# Can relative flatness of a sheaf be tested using (faithfully) flat morphisms?

Given a $\mathbb{C}$-scheme $S$, two $S$-schemes $X$ and $Y$ that are flat over $S$ and a coherent sheaf of $O_Y$-modules $F$.

Assume we have a (faithfully) flat $S$-morphism $\pi: X \rightarrow Y$ and we know that $\pi^{*}F$ is a coherent sheaf of $O_X$-modules that is flat over $S$.

Can we conclude that $F$ is flat over $S$?

Can we drop the faithfully? Or is this wrong in this generality, do we need to assume more, to get such a result?
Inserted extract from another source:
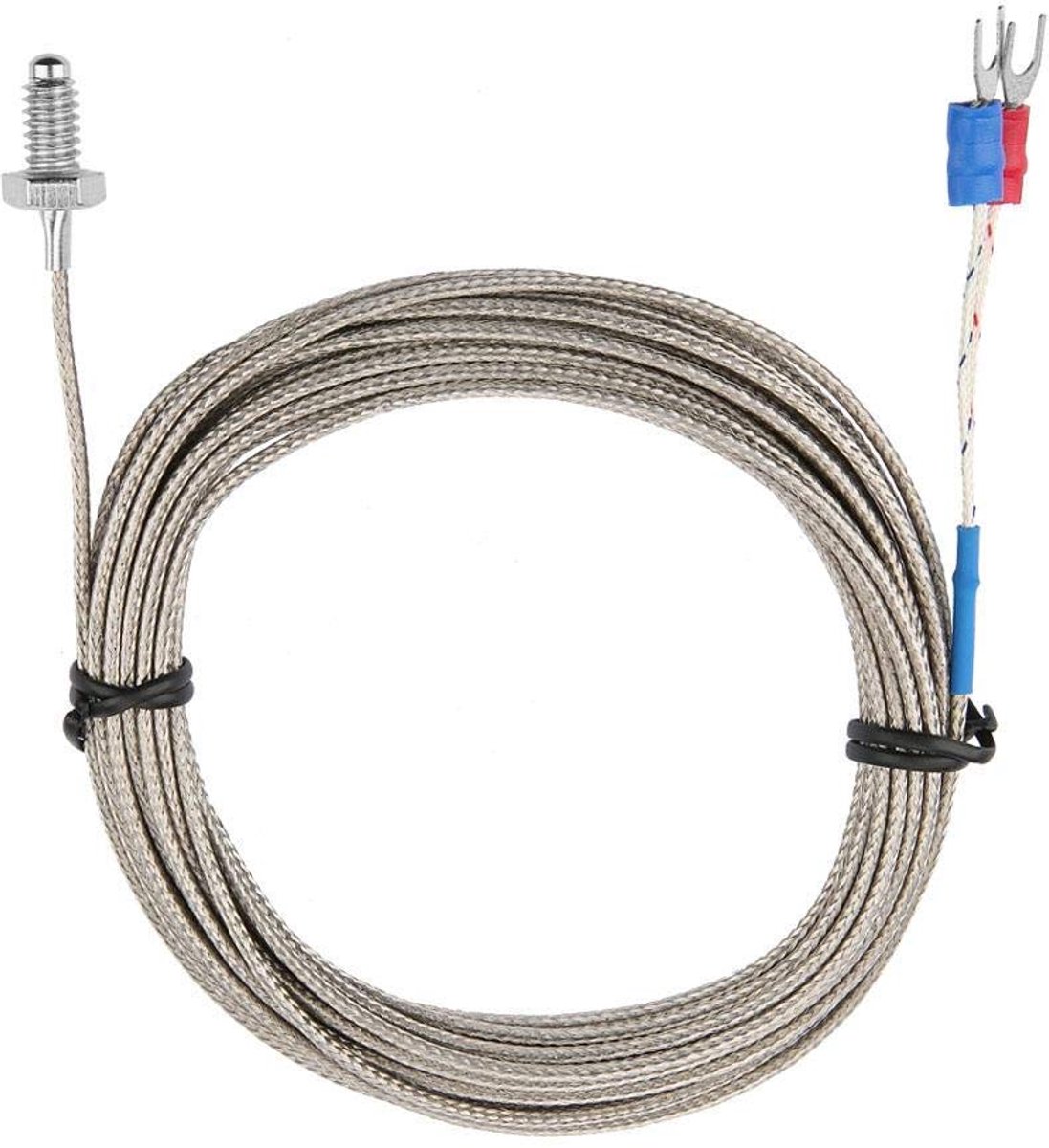 Di termocoppia tipo K M6 Sonda di misurazione Temperatura filettatura BSW (5M)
My situation is the follwing $X=A\times S$, $Y=B\times S$, for two smooth projective schemes $A$ and $B$ and $F$ is of the form $\pi_{*}G$ for a coherent sheaf $G$ on $X$ flat over $S$, with the property $\pi^{*}\pi_{*}G\cong G$

• No, you cannot drop the "faithfully." For example, if $X$ is the empty scheme, it is flat, but it detects nothing. The empty scheme is a good heuristic for testing whether faithfulness is relevant. In fact, given the characterization of faithfully flat morphisms among flat morphisms as the surjective ones (ie, the ones with nonempty fibers), it is the whole story. – Ben Wieland Sep 28 '15 at 18:48

You can assume less: $\pi$ faithfully flat, $F$ quasi-coherent, no assumptions on structure morphisms. Write down the functors and see immediately their how faithfulness and exactness depend on each other's.
If you need a reference, EGA IV$_2$ 2.2.11 (iii).